Exercise prompt ::
In the copy you make, keep each entry exactly as it is and leave out all images.

*** Supplied data Section Begins ***

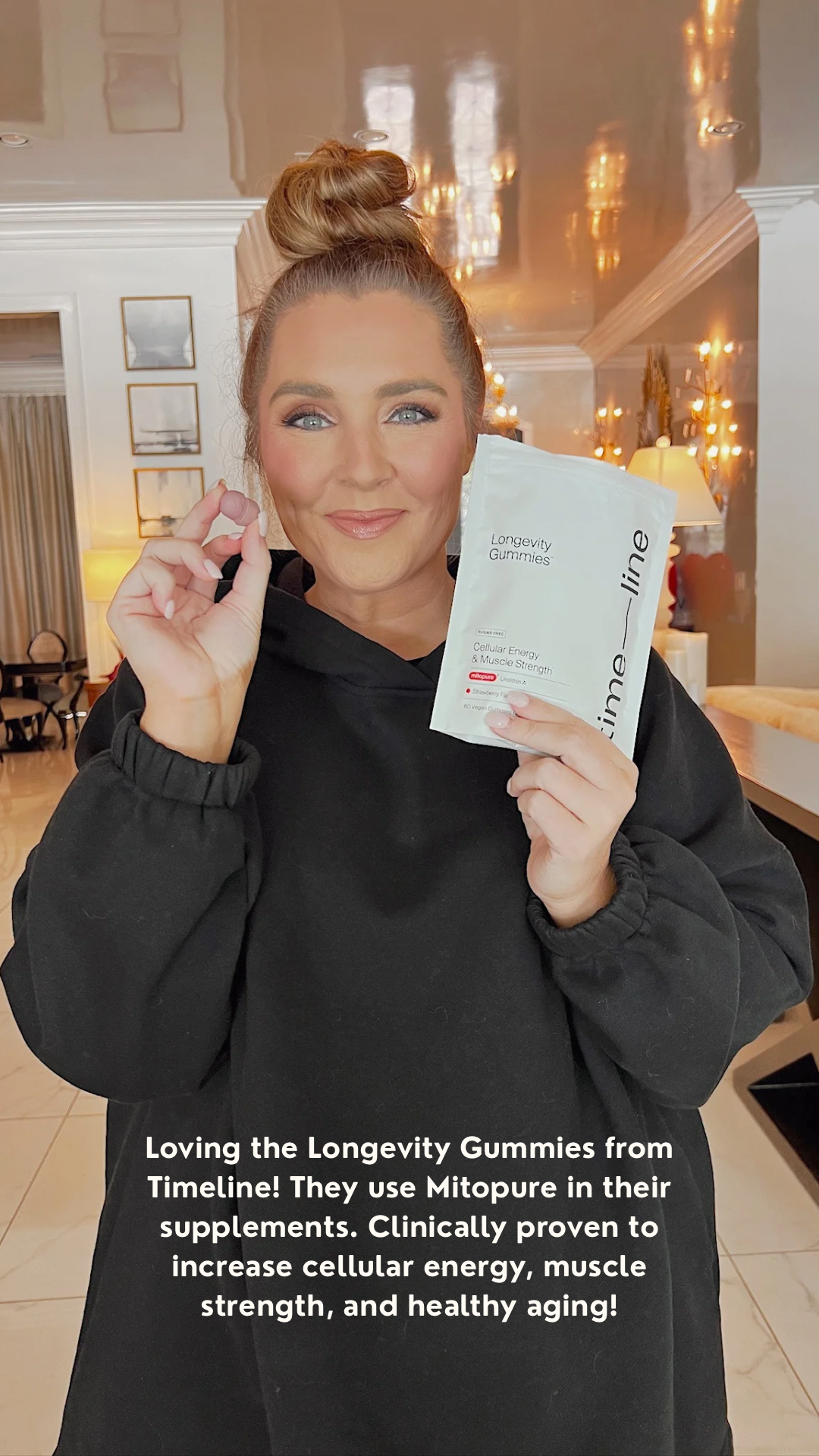 Age Healthier With Mitopure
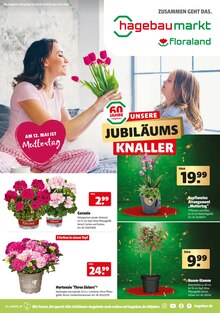 Aktueller Hagebaumarkt Wolfsburg Prospekt "UNSERE JUBILÄUMSKNALLER" mit 20 Seiten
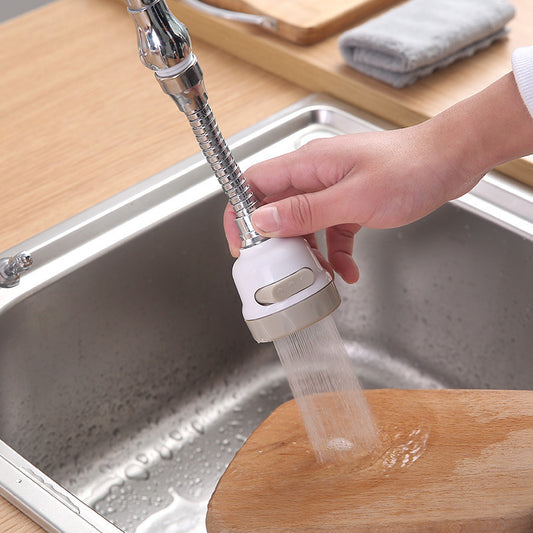 360 Degree Rotating Movable Kitchen Faucet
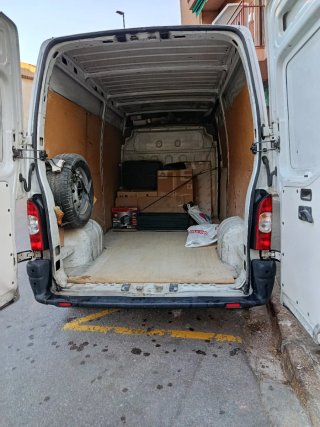 Renault Master 2008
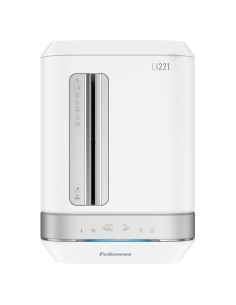 DESTRUCTORA BLANCA LX221 FELLOWES 5050501 2
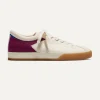 The Lace Up Sneaker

*** Supplied data Section Ends ***

Solution ::
 Age Healthier With Mitopure
 Aktueller Hagebaumarkt Wolfsburg Prospekt "UNSERE JUBILÄUMSKNALLER" mit 20 Seiten
 360 Degree Rotating Movable Kitchen Faucet
 Renault Master 2008
 DESTRUCTORA BLANCA LX221 FELLOWES 5050501 2
 The Lace Up Sneaker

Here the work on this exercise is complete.